■ Stored entries:
·····
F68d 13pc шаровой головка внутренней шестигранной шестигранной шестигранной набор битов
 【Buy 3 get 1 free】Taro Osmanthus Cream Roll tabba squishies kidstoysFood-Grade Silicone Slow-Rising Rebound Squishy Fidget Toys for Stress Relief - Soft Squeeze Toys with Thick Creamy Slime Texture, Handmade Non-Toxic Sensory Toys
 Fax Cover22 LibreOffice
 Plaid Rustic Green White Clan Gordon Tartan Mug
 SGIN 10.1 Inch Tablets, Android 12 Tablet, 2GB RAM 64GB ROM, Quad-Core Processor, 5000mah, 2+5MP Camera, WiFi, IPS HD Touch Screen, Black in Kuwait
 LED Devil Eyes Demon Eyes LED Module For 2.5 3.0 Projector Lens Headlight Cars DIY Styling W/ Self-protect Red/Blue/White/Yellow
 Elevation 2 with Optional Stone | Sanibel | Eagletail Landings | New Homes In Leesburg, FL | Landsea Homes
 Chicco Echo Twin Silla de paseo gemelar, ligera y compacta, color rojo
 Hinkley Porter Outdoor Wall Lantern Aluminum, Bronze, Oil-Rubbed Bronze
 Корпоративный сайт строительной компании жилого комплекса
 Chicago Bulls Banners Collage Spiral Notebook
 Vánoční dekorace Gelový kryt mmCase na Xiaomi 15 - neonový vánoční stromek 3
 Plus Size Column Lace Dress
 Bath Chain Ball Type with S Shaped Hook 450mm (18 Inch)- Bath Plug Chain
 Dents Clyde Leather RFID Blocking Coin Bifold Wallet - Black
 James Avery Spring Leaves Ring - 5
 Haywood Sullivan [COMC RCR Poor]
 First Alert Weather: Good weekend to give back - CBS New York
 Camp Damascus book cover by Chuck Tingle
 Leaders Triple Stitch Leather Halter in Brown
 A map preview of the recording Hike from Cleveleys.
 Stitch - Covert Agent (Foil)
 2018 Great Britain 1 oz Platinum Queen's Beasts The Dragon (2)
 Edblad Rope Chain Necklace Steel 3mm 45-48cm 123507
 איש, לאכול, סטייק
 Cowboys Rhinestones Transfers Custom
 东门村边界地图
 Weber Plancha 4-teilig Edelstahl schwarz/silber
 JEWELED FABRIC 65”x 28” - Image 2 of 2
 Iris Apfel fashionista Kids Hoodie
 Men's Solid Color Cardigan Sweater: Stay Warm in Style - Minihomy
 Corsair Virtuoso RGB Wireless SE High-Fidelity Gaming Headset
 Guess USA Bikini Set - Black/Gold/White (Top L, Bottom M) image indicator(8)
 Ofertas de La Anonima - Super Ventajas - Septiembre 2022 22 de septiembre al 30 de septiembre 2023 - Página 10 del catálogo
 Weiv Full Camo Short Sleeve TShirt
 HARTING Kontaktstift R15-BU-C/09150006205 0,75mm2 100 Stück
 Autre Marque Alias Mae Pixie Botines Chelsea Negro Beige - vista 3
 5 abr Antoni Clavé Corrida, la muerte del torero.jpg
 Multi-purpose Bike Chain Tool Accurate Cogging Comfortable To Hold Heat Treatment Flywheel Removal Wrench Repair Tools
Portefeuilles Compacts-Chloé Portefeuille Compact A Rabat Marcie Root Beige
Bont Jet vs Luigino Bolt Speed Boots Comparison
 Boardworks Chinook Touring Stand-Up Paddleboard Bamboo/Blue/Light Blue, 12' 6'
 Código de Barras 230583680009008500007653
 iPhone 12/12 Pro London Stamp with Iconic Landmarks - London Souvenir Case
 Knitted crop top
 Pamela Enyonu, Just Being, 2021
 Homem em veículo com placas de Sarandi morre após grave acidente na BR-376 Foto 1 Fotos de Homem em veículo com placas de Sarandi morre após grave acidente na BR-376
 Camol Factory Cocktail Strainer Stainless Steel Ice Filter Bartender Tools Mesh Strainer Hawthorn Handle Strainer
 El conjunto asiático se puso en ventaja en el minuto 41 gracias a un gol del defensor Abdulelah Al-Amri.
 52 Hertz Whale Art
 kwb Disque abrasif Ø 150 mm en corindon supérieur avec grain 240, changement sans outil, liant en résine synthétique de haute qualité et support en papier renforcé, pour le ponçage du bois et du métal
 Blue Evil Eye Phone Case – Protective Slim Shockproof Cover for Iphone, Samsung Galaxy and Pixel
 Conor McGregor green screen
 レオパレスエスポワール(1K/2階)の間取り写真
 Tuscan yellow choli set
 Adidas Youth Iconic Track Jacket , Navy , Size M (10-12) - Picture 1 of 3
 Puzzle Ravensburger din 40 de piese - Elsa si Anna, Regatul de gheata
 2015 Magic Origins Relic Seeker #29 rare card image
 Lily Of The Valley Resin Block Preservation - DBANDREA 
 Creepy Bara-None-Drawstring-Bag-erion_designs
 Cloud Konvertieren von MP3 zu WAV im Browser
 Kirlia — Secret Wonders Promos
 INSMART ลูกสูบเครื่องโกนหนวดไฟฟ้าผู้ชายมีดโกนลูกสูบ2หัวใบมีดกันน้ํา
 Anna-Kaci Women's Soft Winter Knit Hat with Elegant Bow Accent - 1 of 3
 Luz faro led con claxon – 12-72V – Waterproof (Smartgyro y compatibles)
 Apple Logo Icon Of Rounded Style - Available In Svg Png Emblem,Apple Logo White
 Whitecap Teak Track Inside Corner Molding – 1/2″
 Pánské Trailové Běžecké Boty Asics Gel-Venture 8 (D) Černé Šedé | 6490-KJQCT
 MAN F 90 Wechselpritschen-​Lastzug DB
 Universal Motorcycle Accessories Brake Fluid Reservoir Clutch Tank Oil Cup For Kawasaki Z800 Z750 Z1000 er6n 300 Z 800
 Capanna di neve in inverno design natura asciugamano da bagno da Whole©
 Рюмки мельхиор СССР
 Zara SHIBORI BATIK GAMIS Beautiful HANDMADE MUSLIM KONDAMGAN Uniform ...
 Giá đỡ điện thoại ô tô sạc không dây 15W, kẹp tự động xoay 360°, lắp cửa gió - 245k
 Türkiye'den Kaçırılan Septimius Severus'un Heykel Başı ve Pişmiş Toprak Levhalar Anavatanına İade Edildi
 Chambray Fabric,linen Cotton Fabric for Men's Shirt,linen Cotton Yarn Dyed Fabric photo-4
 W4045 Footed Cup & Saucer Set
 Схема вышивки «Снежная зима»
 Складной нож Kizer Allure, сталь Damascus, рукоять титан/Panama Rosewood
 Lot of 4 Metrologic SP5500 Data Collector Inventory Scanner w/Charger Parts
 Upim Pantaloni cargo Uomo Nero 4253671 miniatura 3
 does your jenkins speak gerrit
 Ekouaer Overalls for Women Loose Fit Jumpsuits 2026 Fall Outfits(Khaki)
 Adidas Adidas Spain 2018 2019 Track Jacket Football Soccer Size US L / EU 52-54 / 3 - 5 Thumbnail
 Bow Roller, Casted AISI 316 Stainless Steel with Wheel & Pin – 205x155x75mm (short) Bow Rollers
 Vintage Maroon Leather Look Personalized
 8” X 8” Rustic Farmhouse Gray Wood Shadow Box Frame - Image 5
·····
■ WORK ORDER: Find "Hinkley Porter Outdoor" in the entries above and copy that whole line exactly, then each line after it through the line that contains "Haywood Sullivan [COMC RCR Poor]".

■ SOLUTION TO THIS TASK:
 Hinkley Porter Outdoor Wall Lantern Aluminum, Bronze, Oil-Rubbed Bronze
 Корпоративный сайт строительной компании жилого комплекса
 Chicago Bulls Banners Collage Spiral Notebook
 Vánoční dekorace Gelový kryt mmCase na Xiaomi 15 - neonový vánoční stromek 3
 Plus Size Column Lace Dress
 Bath Chain Ball Type with S Shaped Hook 450mm (18 Inch)- Bath Plug Chain
 Dents Clyde Leather RFID Blocking Coin Bifold Wallet - Black
 James Avery Spring Leaves Ring - 5
 Haywood Sullivan [COMC RCR Poor]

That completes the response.